My wife and I arrive in France in August 2024 as students. We spend 6 months at a cooking and pastry school in the south of France, then travel around the country before spending 6 months in Bordeaux attending wine school. After Bordeaux, we move to Paris to attend the FERRANDI Paris Intensive Professional Program in French Cuisine. School started last week.

FERRANDI Paris Week One
School started on Wednesday. It was a short week devoted to program orientation, including uniform fittings, a facilities tour, a kitchen walk-through, and an introduction to the cuisine toolkit, a ballistic plastic briefcase-like that holds all your tools.

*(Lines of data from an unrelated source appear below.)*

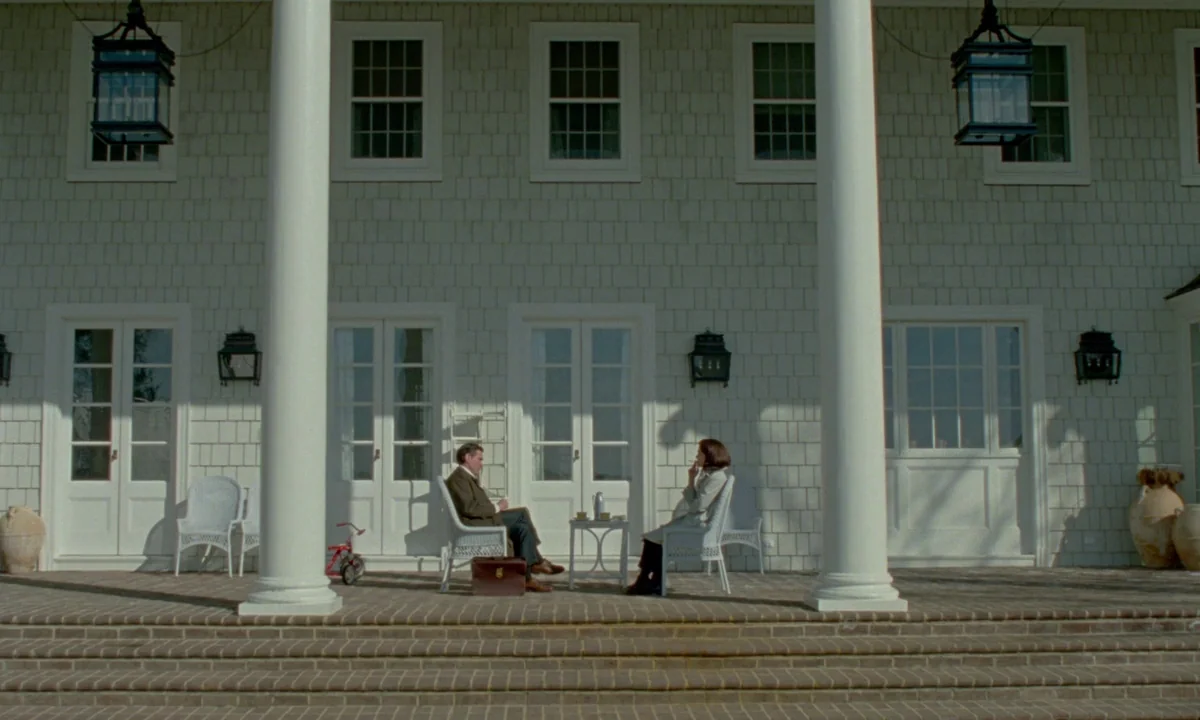 Jackie (2016) movie still: wide — A sprawling shingled estate house with white columns features a wide, paved front patio. Two people sit in white…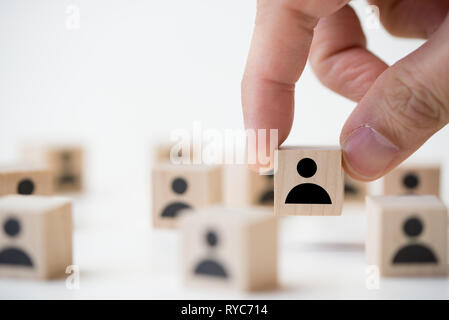 Job recruitment concept using icon people wood cube block Stock Photo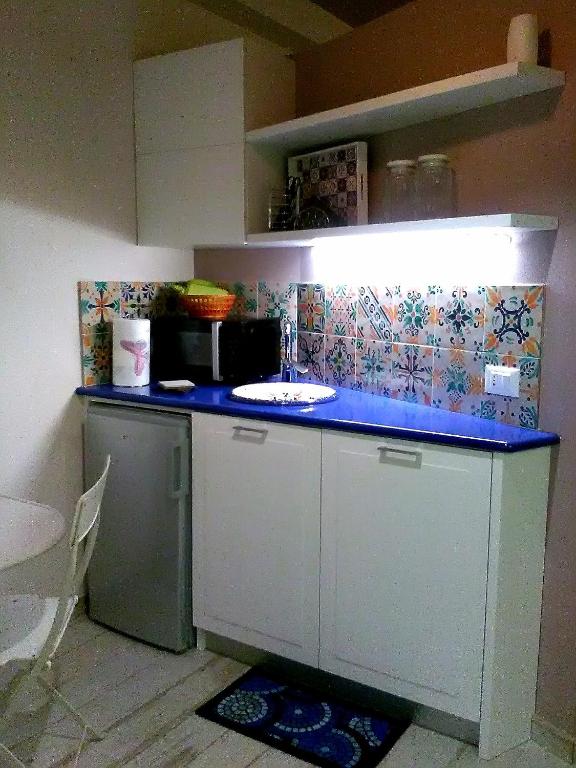 A kitchen or kitchenette at Casa vacanze Scurò - Isnello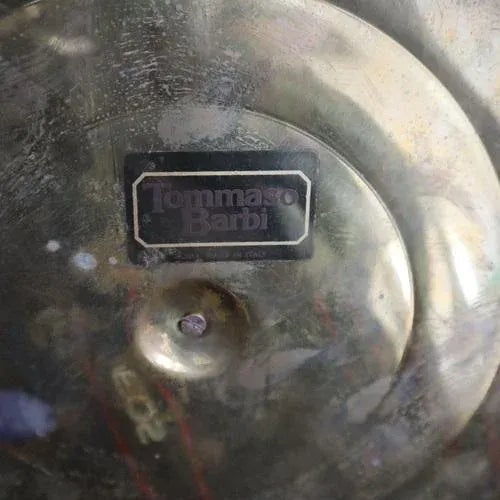 Light up your space with this vintage Murano lamp, a glass and brass work of art by Tommaso Barbi from the 1970s. Equipped...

On Friday, our team of 11 spent the day in the kitchen learning and practicing fundamental vegetable cuts, including julienne, ciseler, emincer, tourner, macedoine, and brunoise. Most of us did not cut our hands. It was a whirlwind three days, but a lot of fun.
I have to say the support from the staff, chefs, and everyone throughout the entire process was “top shelf.” In fact, it was astonishing how kind and supportive the FERRANDI Paris staff were throughout the entire onboarding process.
FERRANDI Paris Week Two
This was a full week. We had to be in the kitchen ready to go by 7:40 AM, earlier if you are the chef of the week or an assistant. I am glad my wife and I are just an eight-minute walk from school. We stayed at an Airbnb on Rue Saint-Séverin, so it is easy to get back and forth to school, which, after a long day when your feet are tired, is a good thing.
The FERRANDI sessions are 6 hours long and are divided into two parts: techniques, followed by applying those techniques to create classic French dishes.
Three chefs oversee the International program. We were assigned to a team when we arrived, and you keep the same chef through the entire program, punctuated by guest chefs. My initial take is that all the chefs in the program are top-notch and validate our decision to select Ferrandi Paris. The chef we have been assigned has been in the kitchen since he was 15 and has been an instructor at Ferrandi PARIS for 25 years. His depth of knowledge, skills, and practical experience is nothing short of spectacular. He is our own “Gandalf the Grey.”
On Monday, we delved into vegetable preparation techniques, including turning. Vegetable turning is a technique where you rotate (turn) and cut vegetables into the exact same barrel shape and size to ensure a uniform look and even cooking. We practiced turning carrots, celeriac, zucchini, and artichokes. In the end, the vegetables must be the same size and fit inside the bowl of a large tablespoon. The only good thing about my vegetable turns was that they were all the same size (more or less), and only after cutting some down to size. Shhh). However, with the chef’s demo. I did not make progress turning large artichokes into a “vessel.”
There are lots of kinds of artichokes worldwide. For our purposes at this time, there are primarily two types of artichokes. There are large artichokes, which you remove the stem, turn, and use as a “vessel.” And there are small artichokes, which are turned with the stems on and used as a dish. Our chef demonstrated an excellent method for turning large artichokes into a vessel. I have tried this many times before with limited success. He took me to the next level.
We then learned to “Cook in blanc,” a slurry of water, flour, lemon, and salt, to prevent vegetables such as artichokes, which are prone to oxidation, from darkening. We cooked two artichokes. One artichoke we reserved for tomorrow; the other we cut and gave to the chef, who showed us how to make sauteed artichokes with arugula (a favorite herb of our chef). I think the dish is called “Carciofi trifolati,” which are perfect as a side dish with lamb, for instance.
Next, we learned how to finely chop mushrooms, clean pearl onions, break down a tomato, hard-boil an egg, white, and brown glaze vegetables, White Cooking for Mushrooms, and make bechamel sauce. We used these ingredients to make duxelles de champignons, Œufs farcis Chimay, bouquetière de légumes, champignons à blanc, Essence of Champagne, fried artichokes, sundried tomatoes, and tomato powder.
After the session, my feet were killing me, so I ran off and bought a pair of BIRKENSTOCK Tokio Super Grip work clogs. My feet instantly felt better, and by the end of the week, after a 6-hour day, I had no trouble.
On Tuesday, we focused on steaming leeks in the oven, preparing and cooking julienne carrots, cabbage, and celeriac, making a basic vinaigrette, and preparing rémoulade, a classic French sauce based on mayonnaise. We then used our new skills to make a French Crudités Platter, Oeufs Mimosa, and Poireaux-Vinaigrette-Mimosa (Leeks Mimosa).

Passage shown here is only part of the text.